Bad Food Habits: Killing Health in More Ways than One?

A friend recently opined that there was a case for a meat tax (particularly red) to help mitigate climate change. Taxes are imposed to discourage consumption, such as hefty taxes for smoking and alcohol consumption. If done right, taxes can be cost effective. This made me decide to go read more whether there could be a case for it.

There might be two good reasons to look at a meat tax. First, it costs the Earth far more to produce one unit of meat than the same unit of plant food. (All data used for the comparison is courtesy of the Guardian) Using freshwater consumption as an example, vegetables would require 322 litres/kg, fruit would require 962 litres/kg, whereas white meat like chicken require 4,325 litres/kg and at the extreme end, beef required more than 15,000 litres/kg! From a resource angle, it is more resource-efficient to produce vegetables than meat. This can be understood when one looks at energy efficiency. Animals are generally inefficient in terms of energy conversion. Because animals move, their respiration expends more energy, which makes them more inefficient. Cows are a particularly inefficient one.

There is a second reason why we may want to look into red meat taxes. Red meat is correlated with a variety of health problems. From a health policy angle, there is also a case to try to nudge people towards healthier options, such as substituting red meats for white meat equivalent, or cutting out on excess processed food in general.

The typical Asian diet differs somewhat from the Western diet vis a vis red meat consumption, so the “meat tax” argument might hit Asian countries less hard for equivalent amount of punitive measures. This made me read up about our hawker favourites, and think about our own dietary habits in Singapore. The signs are not encouraging. We have three problems going for us:

  • Frequent snacking and consumption of processed food items. These can include processed red meats (terrible) and snacks high in preservatives such as salt (terrible)
  • Eating hawker food and finishing up everything. Almost all the hawker favourites were high in sodium (terrible). Many of them also did not look like balanced diets, most of which were devoid of vegetables.
  • Binge-eating on special occasions. A typical Chinese multi-course meal would contain the following (rough order): appetisers, soup, chicken, prawn, pork, fish, vegetable, dessert. This is a carbohydrate and protein overload. Not good if one eats like this daily.

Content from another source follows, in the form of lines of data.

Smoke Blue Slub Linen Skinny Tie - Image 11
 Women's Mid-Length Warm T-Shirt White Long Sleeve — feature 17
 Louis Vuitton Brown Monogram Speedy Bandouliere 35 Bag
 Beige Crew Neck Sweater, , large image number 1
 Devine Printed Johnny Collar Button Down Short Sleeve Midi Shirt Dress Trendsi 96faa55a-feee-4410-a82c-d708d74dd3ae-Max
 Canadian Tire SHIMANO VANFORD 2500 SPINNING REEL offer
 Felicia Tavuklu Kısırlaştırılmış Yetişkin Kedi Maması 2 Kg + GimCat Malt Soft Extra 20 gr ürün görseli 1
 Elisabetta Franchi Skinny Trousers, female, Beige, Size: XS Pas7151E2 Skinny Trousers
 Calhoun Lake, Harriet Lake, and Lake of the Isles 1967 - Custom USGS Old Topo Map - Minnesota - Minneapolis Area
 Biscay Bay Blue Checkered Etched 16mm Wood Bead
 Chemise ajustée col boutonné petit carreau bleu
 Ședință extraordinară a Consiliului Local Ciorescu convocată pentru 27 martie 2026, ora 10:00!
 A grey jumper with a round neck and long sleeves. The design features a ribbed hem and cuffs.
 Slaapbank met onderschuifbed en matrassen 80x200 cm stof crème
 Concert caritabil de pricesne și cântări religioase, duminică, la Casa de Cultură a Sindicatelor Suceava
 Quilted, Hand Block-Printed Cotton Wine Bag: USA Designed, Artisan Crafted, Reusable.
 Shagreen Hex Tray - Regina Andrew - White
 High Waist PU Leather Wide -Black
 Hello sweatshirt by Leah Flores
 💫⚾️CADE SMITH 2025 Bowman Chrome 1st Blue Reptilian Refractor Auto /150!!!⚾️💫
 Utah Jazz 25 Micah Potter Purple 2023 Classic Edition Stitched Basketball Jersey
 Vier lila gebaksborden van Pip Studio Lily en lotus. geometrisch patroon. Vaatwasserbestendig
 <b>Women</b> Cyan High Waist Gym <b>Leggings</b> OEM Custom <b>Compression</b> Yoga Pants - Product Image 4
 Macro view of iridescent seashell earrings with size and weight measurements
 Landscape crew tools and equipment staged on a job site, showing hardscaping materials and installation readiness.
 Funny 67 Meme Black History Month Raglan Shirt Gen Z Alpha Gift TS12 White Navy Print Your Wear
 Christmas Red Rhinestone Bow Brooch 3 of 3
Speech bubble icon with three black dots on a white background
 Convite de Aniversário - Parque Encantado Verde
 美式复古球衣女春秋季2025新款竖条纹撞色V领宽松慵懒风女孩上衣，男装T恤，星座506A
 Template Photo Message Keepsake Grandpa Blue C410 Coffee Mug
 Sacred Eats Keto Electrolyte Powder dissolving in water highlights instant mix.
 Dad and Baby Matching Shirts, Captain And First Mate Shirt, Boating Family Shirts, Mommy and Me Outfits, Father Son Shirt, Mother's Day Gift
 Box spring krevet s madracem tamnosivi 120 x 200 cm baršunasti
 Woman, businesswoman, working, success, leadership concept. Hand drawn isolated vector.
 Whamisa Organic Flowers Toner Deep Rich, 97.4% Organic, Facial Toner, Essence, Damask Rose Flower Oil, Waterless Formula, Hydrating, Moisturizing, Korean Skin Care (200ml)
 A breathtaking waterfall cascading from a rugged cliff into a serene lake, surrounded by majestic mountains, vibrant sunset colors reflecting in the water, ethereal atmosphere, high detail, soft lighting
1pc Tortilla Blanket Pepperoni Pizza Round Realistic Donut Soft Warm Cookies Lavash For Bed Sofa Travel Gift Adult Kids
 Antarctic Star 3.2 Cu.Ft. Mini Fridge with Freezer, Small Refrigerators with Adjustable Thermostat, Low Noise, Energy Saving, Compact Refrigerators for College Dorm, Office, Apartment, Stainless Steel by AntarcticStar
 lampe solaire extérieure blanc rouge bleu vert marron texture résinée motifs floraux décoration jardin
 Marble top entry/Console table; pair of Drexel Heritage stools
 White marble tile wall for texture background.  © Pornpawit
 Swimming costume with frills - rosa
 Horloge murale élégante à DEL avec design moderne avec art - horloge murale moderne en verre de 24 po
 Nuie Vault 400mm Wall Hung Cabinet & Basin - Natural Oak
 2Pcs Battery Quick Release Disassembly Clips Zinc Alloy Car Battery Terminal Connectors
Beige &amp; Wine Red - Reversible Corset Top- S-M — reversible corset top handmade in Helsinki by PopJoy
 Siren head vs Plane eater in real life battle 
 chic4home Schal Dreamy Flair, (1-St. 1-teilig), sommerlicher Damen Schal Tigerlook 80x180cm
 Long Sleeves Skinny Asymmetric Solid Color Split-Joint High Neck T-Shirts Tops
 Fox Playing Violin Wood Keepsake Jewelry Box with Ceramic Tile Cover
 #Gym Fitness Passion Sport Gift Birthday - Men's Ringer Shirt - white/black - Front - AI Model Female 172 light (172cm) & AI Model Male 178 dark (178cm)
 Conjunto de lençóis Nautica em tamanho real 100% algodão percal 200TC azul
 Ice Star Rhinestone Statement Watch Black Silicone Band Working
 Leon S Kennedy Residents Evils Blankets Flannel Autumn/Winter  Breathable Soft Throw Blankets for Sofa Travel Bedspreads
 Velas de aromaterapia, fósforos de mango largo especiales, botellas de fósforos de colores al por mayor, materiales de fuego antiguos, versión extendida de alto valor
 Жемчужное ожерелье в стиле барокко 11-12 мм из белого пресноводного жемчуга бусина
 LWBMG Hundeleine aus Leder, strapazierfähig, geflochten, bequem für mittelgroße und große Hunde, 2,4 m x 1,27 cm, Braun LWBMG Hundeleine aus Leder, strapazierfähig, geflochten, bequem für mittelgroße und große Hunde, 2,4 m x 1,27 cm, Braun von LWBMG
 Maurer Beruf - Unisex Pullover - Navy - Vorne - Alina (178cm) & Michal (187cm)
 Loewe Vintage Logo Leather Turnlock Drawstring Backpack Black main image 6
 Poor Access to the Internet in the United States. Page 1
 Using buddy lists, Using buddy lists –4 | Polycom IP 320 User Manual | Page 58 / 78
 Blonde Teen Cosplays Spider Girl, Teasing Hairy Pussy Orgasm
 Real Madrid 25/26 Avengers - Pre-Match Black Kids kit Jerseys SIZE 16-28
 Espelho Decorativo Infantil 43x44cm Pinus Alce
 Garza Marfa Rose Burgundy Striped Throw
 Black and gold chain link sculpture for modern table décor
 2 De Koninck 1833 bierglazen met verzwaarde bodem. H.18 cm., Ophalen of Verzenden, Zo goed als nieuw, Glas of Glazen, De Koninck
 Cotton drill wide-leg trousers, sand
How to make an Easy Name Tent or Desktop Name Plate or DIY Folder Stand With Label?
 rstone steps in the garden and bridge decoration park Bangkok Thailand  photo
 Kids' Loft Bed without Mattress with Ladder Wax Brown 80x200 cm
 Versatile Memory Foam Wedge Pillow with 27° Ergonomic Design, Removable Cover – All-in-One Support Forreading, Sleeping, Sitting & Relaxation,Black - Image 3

Coming back to a “red meat tax”, it may be sensible to view food consumption from a more holistic angle. Policy-makers can view taxation as a possible move from both an environmental and a health angle. But there are also critics that blunt taxation may simply be not enough; such a tax regime will require difficult conversations on exactly what to impose a tax on. For instance, since we can largely agree processed red meats are bad for health, how should we make the consumer pay for such a negative externality? Tax the product itself, or its constituents such as salt, or the red meat?

While we wait for policy-makers to iron out the complexities of such a tax regime, as individuals, we can try to signal some of these intents. One can see this in a rising trend of availability of tasty vegetarian food options. Individuals are not entirely powerless in solving both a sustainability and a health crisis.

Clearly the thought of a meat tax (and other associated taxes such as salt tax, sugar tax) is compelling. My lack of expertise in both environment and health policy makes it difficult to articulate if it will eventually work out, but I think we need to have this conversation for two important reasons: our Earth is increasingly become unsustainable as our dietary habits shift towards more meat consumption, and our own health is beginning to take a toll on us; it is good news when we read of increasing life expectancy, but terrible once this is accompanied with worsening health. I am not an expert in these fields, so I welcome comments from the experts on these topics.

P.S. (My personal take on food.) I am personally inspired by how the Japanese manage to merge both health and taste into a traditional eating style. One example where these principles are incorporated into Japanese cuisine is teishoku (quite appetising too, don’t you think?). Because of how well-portioned it is, one does not run as much risk of over-eating too! But is my thinking sound for the experts?